Fiquei até o final da aula, mas meus pensamentos já não estavam mais com Nestor Távora. Pensava em muitas coisas... Coisas... Coisas que fluíam para um ponto em comum. O mistério da vida. Pensava em como sou afortunado em ter conquistado tantos tesouros: amigos, sucesso profissional, ter encontrado o amor e a felicidade plural aos trinta e poucos anos. Estava feliz, e tinha plena consciência disso.

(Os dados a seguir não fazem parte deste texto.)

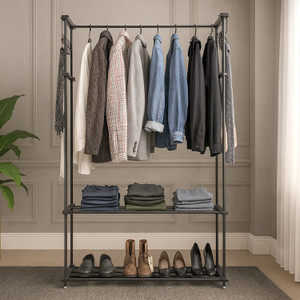 ADA Heavy Duty Iron Metal Clothe Stand, Garment Rack with 10 Hooks & 2 ...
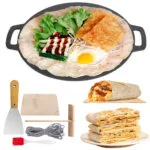 40cm Seasoned Cast Iron Induction Crepes Pan Baking Pancake Tool Pizza Bakeware 34 40cm Seasoned Cast Iron Induction Crepes Pan Baking Pancake Tool Pizza Bakeware - Image 11
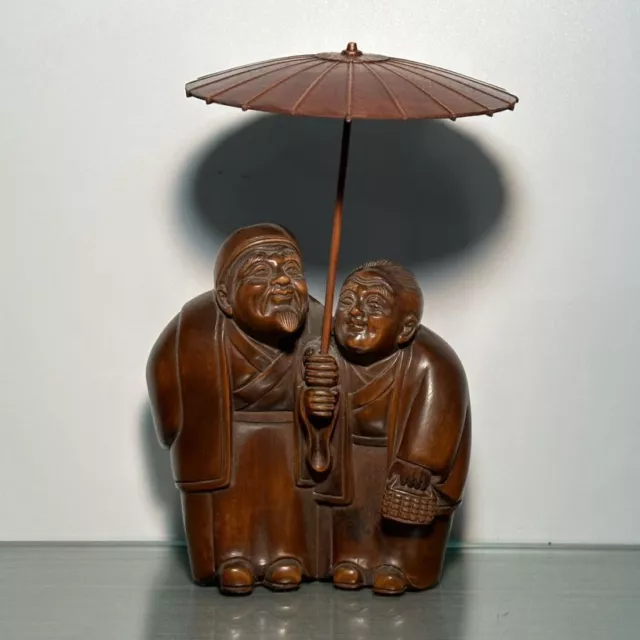 Vintage Chinese Antique Boxwood Carving Old Men Women Statue Wooden Home Decor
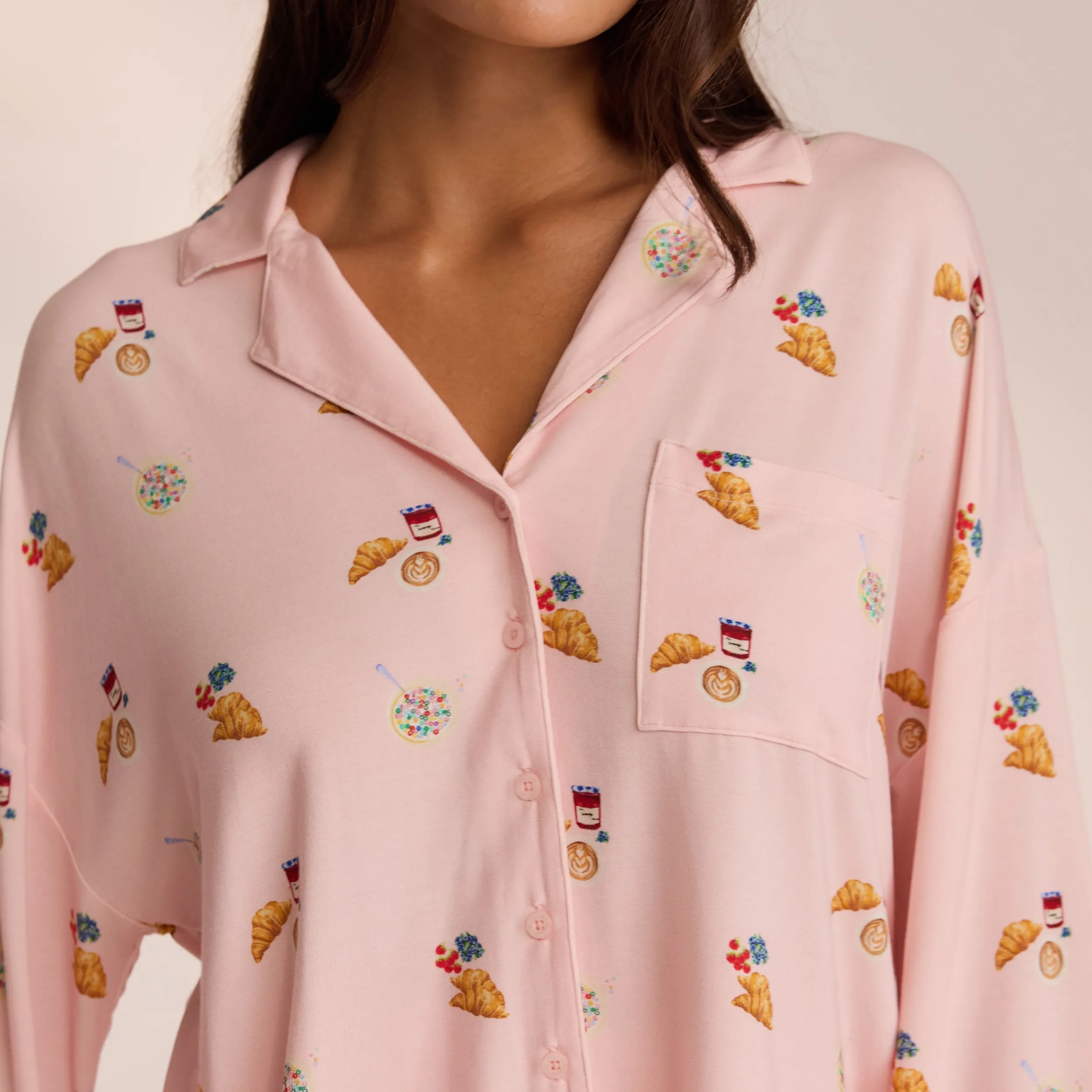 Lounge Underwear Pyjamastoppar<Modal Pyjamaskjorta - Rosa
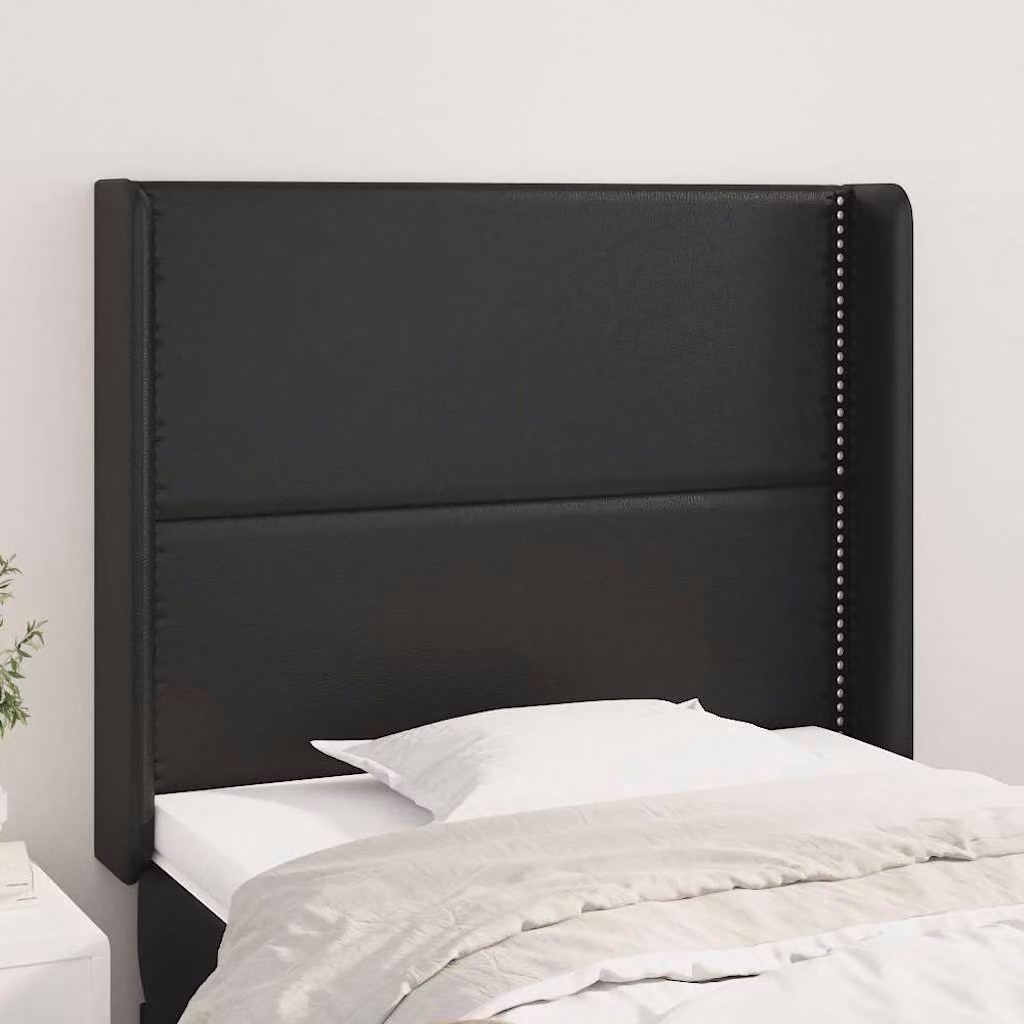 Testiera ad orecchio vidaXL in similpelle nera con struttura in legno, L: 103 cm, P: 16 cm, H: 118-128 cm
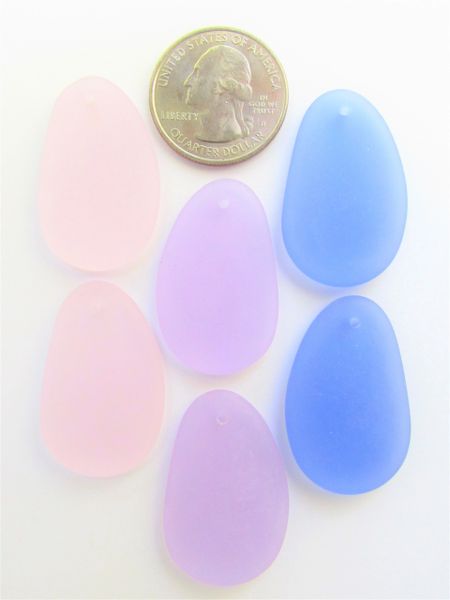 Cultured Sea Glass PENDANTS 33x20mm PURPLE PINK pairs top Drilled frosted matte bead supply making jewelry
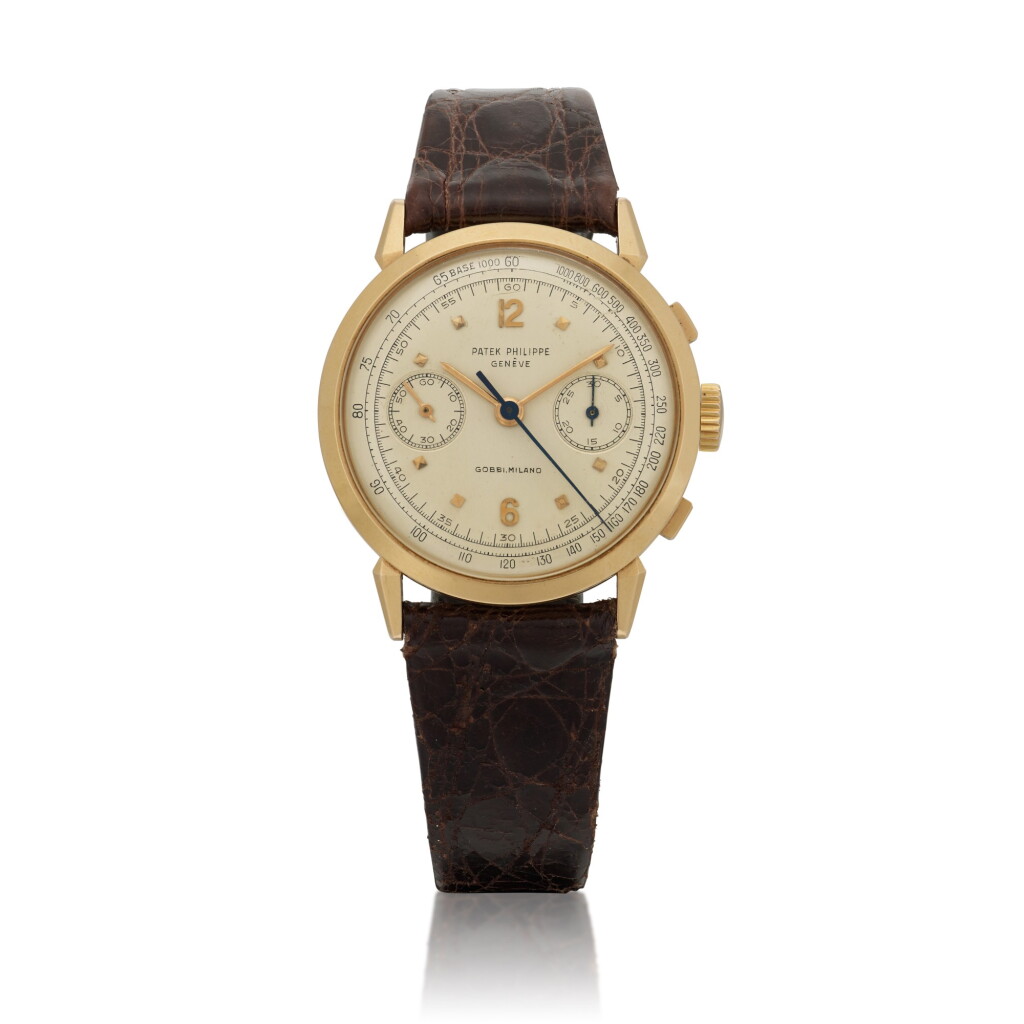 View full screen - View 1 of Lot 79. Retailed by Gobbi, Milano: 'Spider Lugs', Ref. 1579, Pink gold chronograph wristwatch Circa 1956 | 百達翡麗 | 零售商為米蘭Gobbi:1579型號「Spider Lugs」粉紅金計時腕錶,約1956年製.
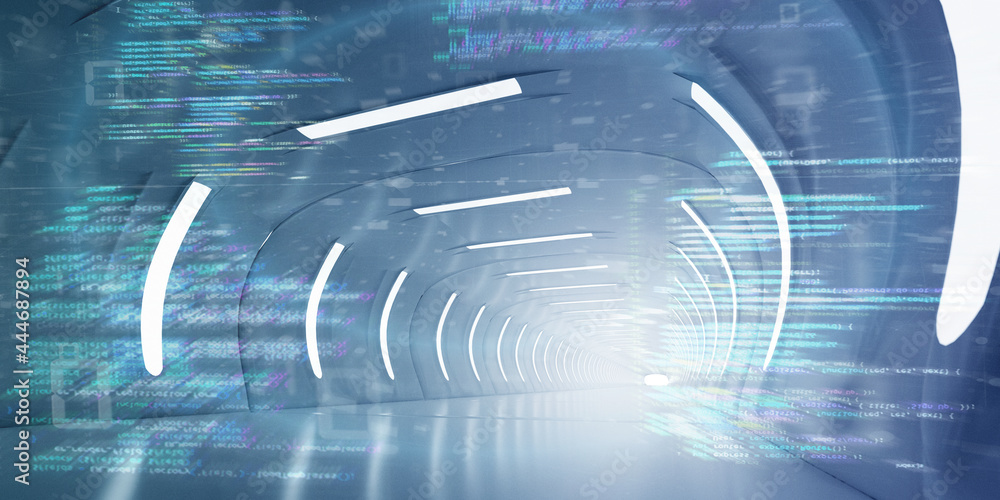 Poster light corridor modern background. futuristic sci-fi tunnel. 3d rendering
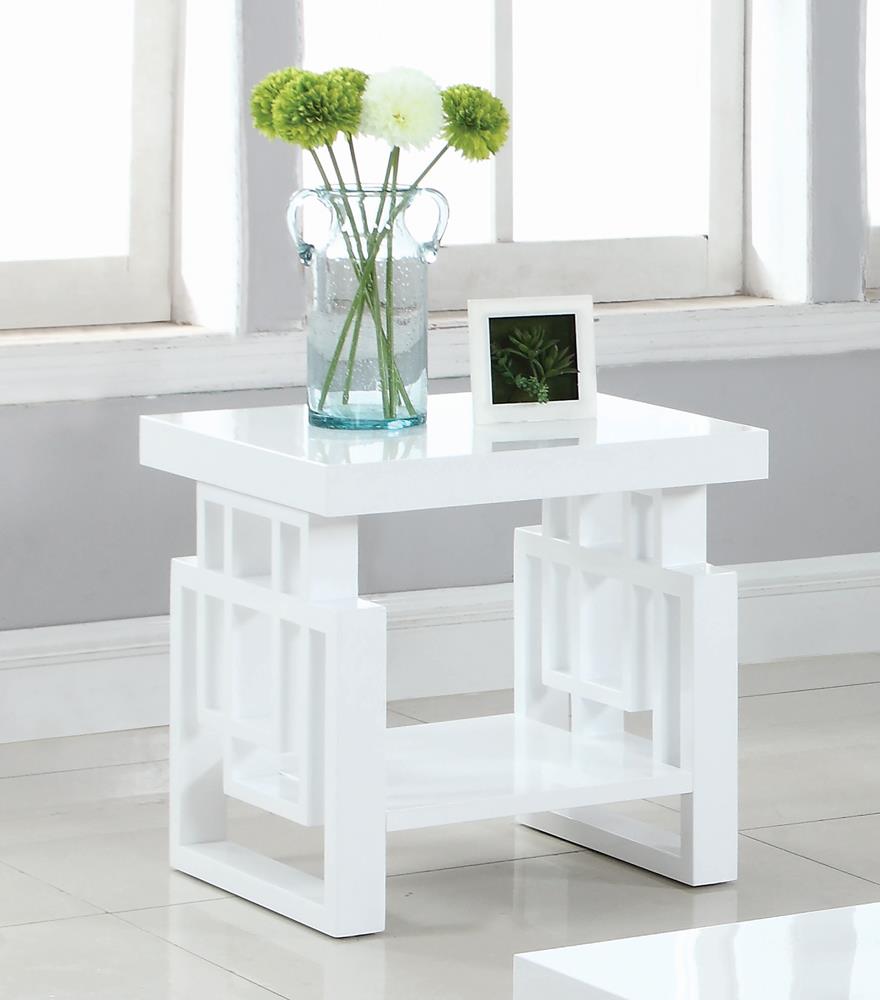 Schmitt Rectangular End Table High Glossy White - 705707 - Bien Home Furniture & Electronics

Em poucos minutos cheguei ao velatório. Já na porta fui envolvido por uma agradável sensação de paz espiritual, que só é possível num ambiente em que o amor puro, sincero e condicional estão presentes. Aquilo me encorajou a entrar e permanecer o tempo que quisesse, pois senti uma energia boa que me dizia que todos ali presentes, parentes e amigos, se amavam de todo coração. Sentimentos raros nos dia de hoje. Havia um silêncio que dizia muita coisa.

Assim que fui visto, meu querido amigo cumprimentou-me, e em seguido fui apresentado aos familiares. Pessoas de olhares vívidos, sinceros, que não carregavam o pesar de não ter dito a pessoa que acabara de morrer que a amavam do fundo do coração. Estranhamente era confortante estar ali.

Ao passo em que tomara consciência das circunstâncias penosas que precederam a passagem daquela Senhora, mãe, esposa e avó para junto dos espíritos de luz, ratifiquei a certeza que ali descansava uma pessoa que amou, foi e por muito tempo continuaria sendo amada. Uma pessoa que seria lembrada com doces lágrimas e sorrisos nostálgicos.

Por volta das 3 horas da madrugada, o Pai chegou. O avião atrasara. Engraçado, não sei por que tinha a sensação que iria encontrar uma pessoa irritada pelo atraso do vôo, nervosa ou até mesmo revoltada com Deus pela perda de uma esposa que o acompanhou durante bem vividos 53 anos de casamento. Não foi o que vi.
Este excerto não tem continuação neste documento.